Police agencies in Washington State, such as Seattle’s Police Department, are making changes to their policies regarding drug-sniffing dogs, and will be training them to no longer be alerted to the simple smell of cannabis. This change comes after Initiative 502 legalized the possession of up to an ounce of cannabis in the state, after passing by double-digit margins in November.
After the election, the Washington Association of Prosecuting Attorneys sent out a memo to law-enforcement agencies across the state, declaring that they’ll no longer be able to rely solely on a dog being alerted to cannabis when determining probable cause for a search warrant.

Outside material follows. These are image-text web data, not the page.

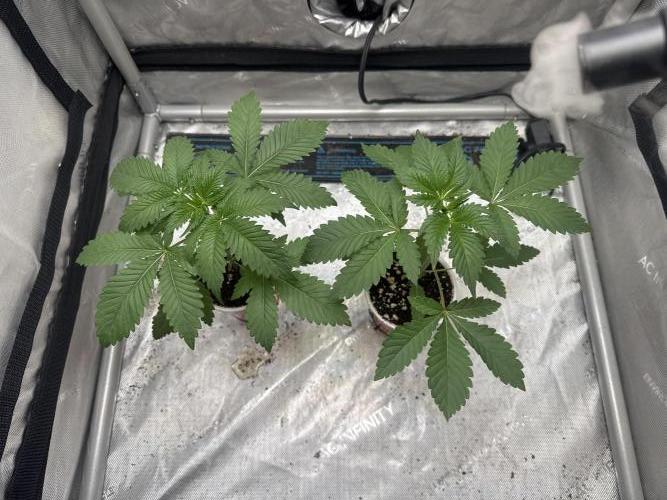 Trap God Solfire. Week 3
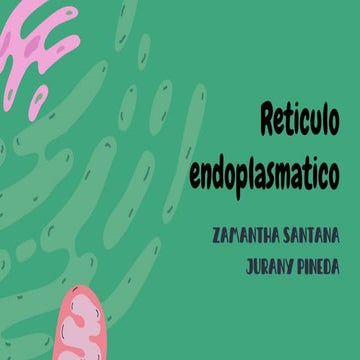 Reticulo endoplasmatico rugoso y liso- biologia | PDF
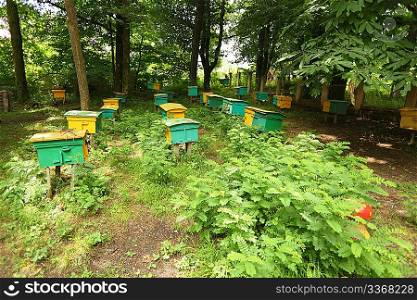 beegarden. a few beehives in a shadow of a threes. focus on beehive in center in first row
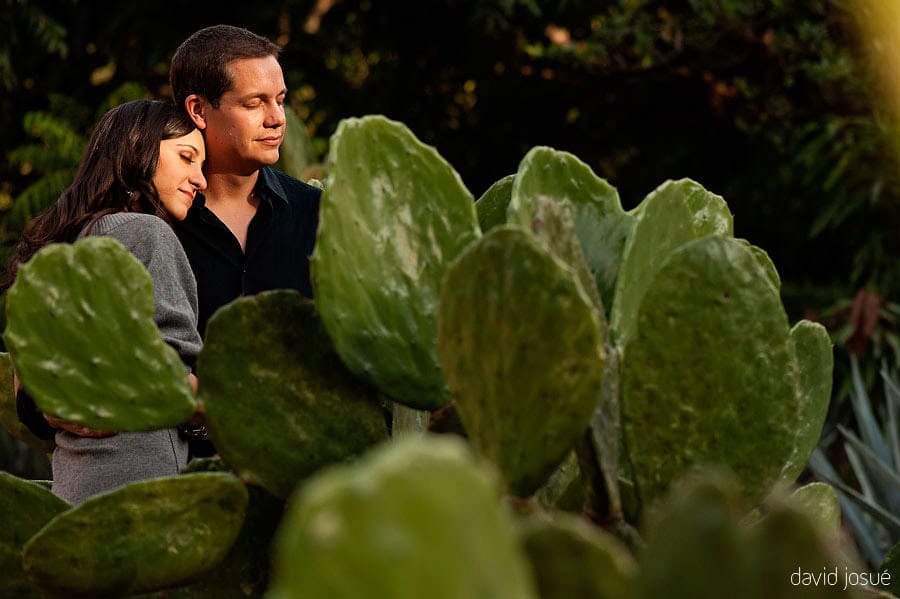 Tequila is a colonial town in Jalisco surrounded by blue agave fields — a UNESCO landscape | an engagement session here pairs the agave fields with the town's colonial architecture | couples search for these sessions when planning to ground the archive in a culturally rich Mexican landscape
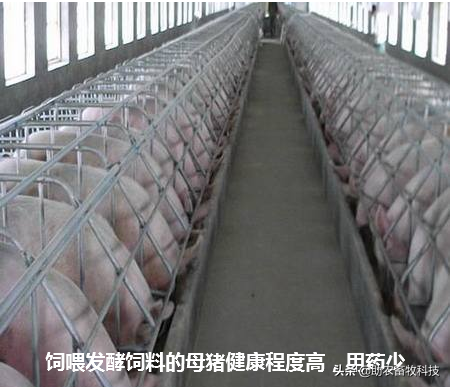 母猪饲喂部分发酵饲料好处多，自制发酵饲料操作简单成本低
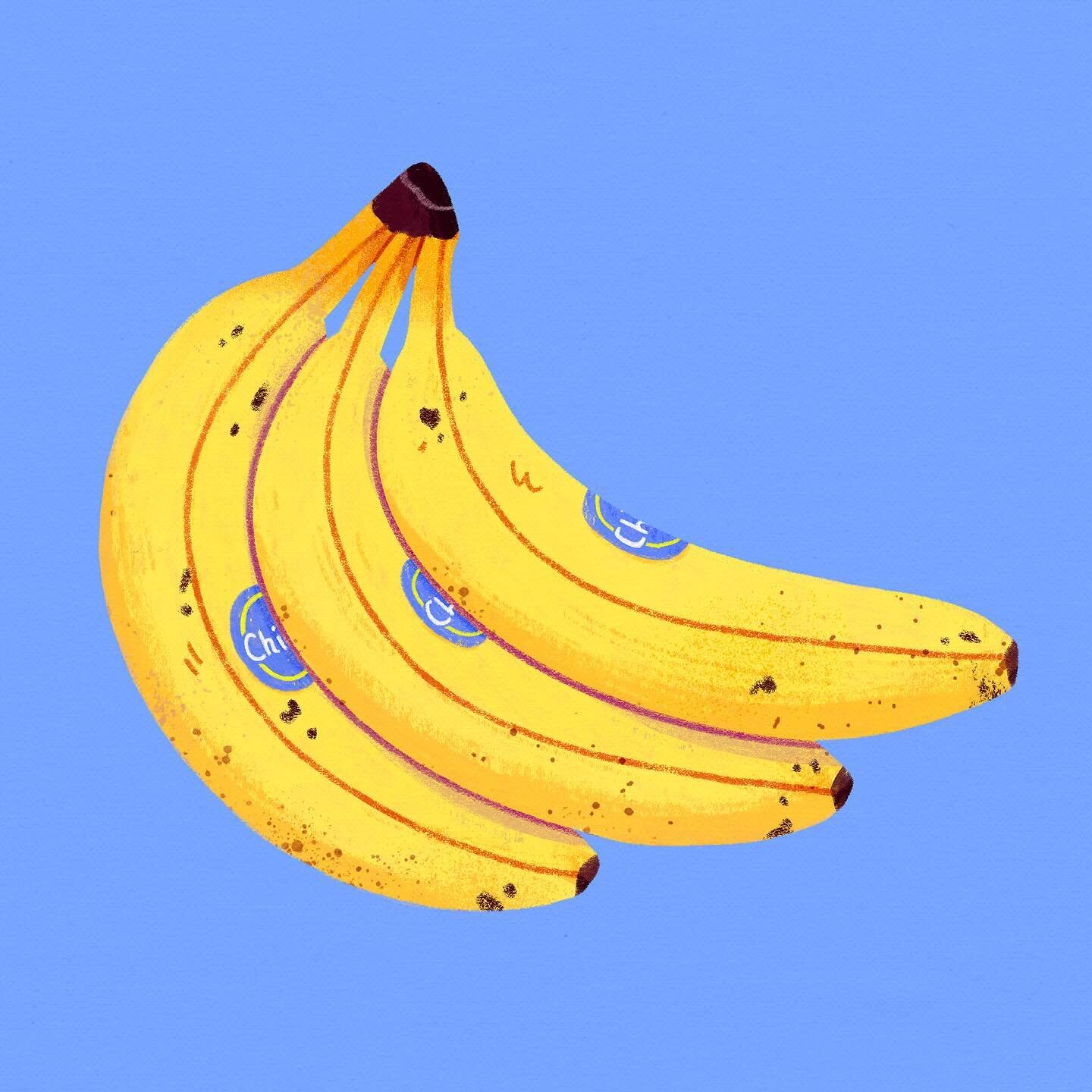 Bananas! 🍌 

Probably one food I couldn&rsquo;t live without haha. What&rsquo;s yours? 

Swipe right to see the drawing process video -&gt;

#bananaillustraition #banana #chiquitabanana #foodillustration #fruitillustration #fruitlover #illustratorlo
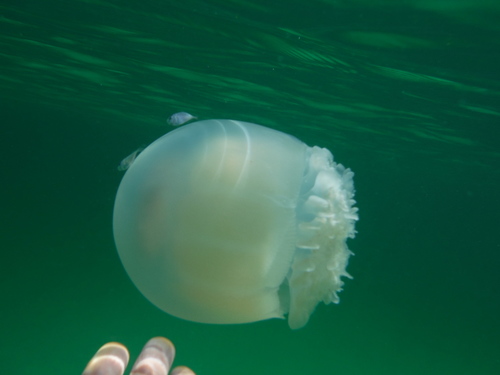 Cannonball Jelly, Walton County, FL, USA, photo 10 of 10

According to Washington State Patrol spokesperson Bob Caulkins, in speaking today with KOMO 4, “In the past, a narcotics dog’s alert was pretty much all that was needed to get a search warrant”. Now, Caulkins says if an officer uses a narcotics dog in cases where cannabis is involved, they’ll need to inform the judge that the dog may very well be alerting for a legal amount of cannabis, and other evidence will need to be presented for a search warrant to be granted, or for an arrest to take place.
In Bellevue, Washington, officers are currently training a new set of drug-sniffing dogs. They’re specifically training them to NOT be alerted to the smell of cannabis, according to Bellevue Police Lt. Dan Mathieu.
Other departments, such as that in Tacoma, are still holding out, stating that they’ll continue current policy given that cannabis remains against federal law.
Regardless of these holdouts, it’s clear that this situation is quite the positive step forward.